19
Jan 16

East Redmond Corridor Parks feedback and the future of the Evans Creek Valley

Dear City of Redmond,

You asked for feedback on your capital plan related to the 2009 East Redmond Corridor master plan. We moved to the Evans Creek Valley in 2014 and have greatly enjoyed the elements of the corridor already in place. The master plan is very broad – I’d like to highlight three priorities in today’s context.

  1. Complete the corridor between Perrigo and Farrel-McWhirther parks for safety and access

I recently cycled from Martin Park to the powerline trail, and I experienced first-hand the difficulty to safely access Farrel-McWhirther park from Perrigo. Novelty Hill is particularly busy and perilous for hikers and bikers, in spite of the recent improvements. Since the city already owns Conrad Olson Park, it is imperative to open the trail through it to NE Redmond Road before the rest of Conrad Olson Park is developed. Similarly, the connection between Martin Park and the existing trail West of 196th in Southeast Bellevue is becoming more important with the anticipated increase in traffic on 188th associated with the opening of Costco next year. These connections should be prioritized over investments in park amenities.

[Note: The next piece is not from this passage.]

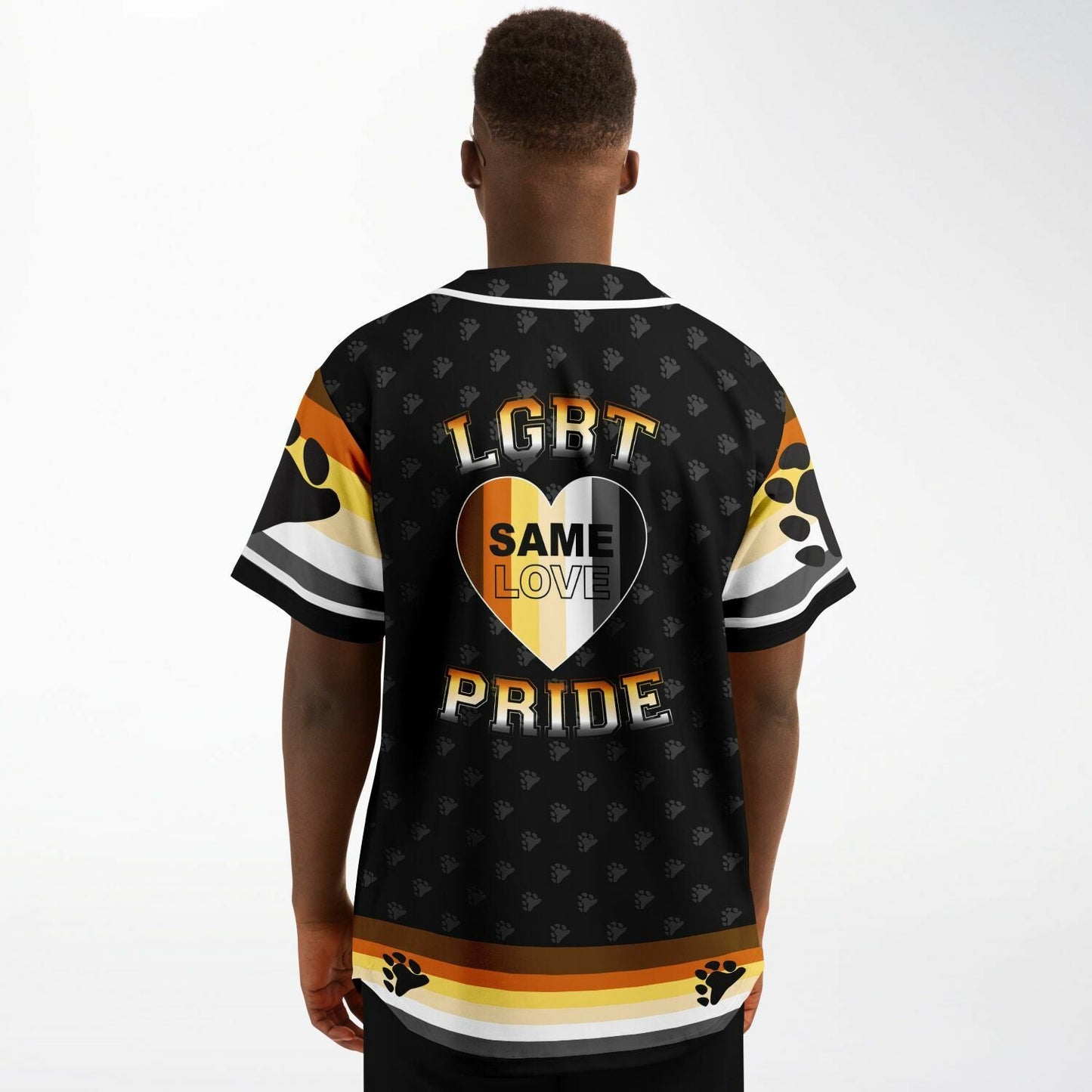 65 MCMLXV Men's LGBT Bear Pride Flag Print Baseball Jersey - 65mcmlxv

  1. Expand the master plan to consider the corridor’s overall impact to the Evans Creek Valley, and maintain the rural and agricultural heritage of the valley

Through the many land donations and associated acquisitions, the city has created a strange city/county patchwork in the Evans valley – parks with city services along 196th, King County roads lots, and private lots with county services, if any. Annexation is probably no longer desirable outside the Urban Growth Boundary, but thoughtful planning is necessary: the Evans Valley was left out of most of the improvements on Union and Novelty Hill and has for instance no Comcast Service and very few fire hydrants. Furthermore, Perrigo Park is a great and attractive asset to the city, but is bringing city traffic to rural areas. Will the city bring city services to the parks and leave out their neighbors, or send city police to Perrigo Park to respond to an emergency there, but not to sort out speeding and parking issues along 196th alongside county parcels? I hope the city and county can provide a sensible services solution to this accidental patchwork.

In addition, the master plan acknowledges the rich agricultural history of East Redmond. But reforestation projects such as the one South of the ball fields at Perrigo endanger the openness associated with the rural character of the Evans Creek Valley (and over time will turn the Perrigo park sports fields into a mossy mess). Redmond has many great forested parks – please keep the Evans Creek valley open and rural and avoid re-forestation in these parks.

  1. Experiment with new recreation activities

Finally, and on a different note, throughout the corridor, the city has an opportunity to experiment with new small scale recreation activities reflecting the diversity of the city – for instance by installing concrete ping pong tables, bocce ball fields and outdoor fitness circuits in addition to the traditional playgrounds. Such low-impact, small footprint assets will make parks attractive to seniors and immigrants as much as to families and athletes.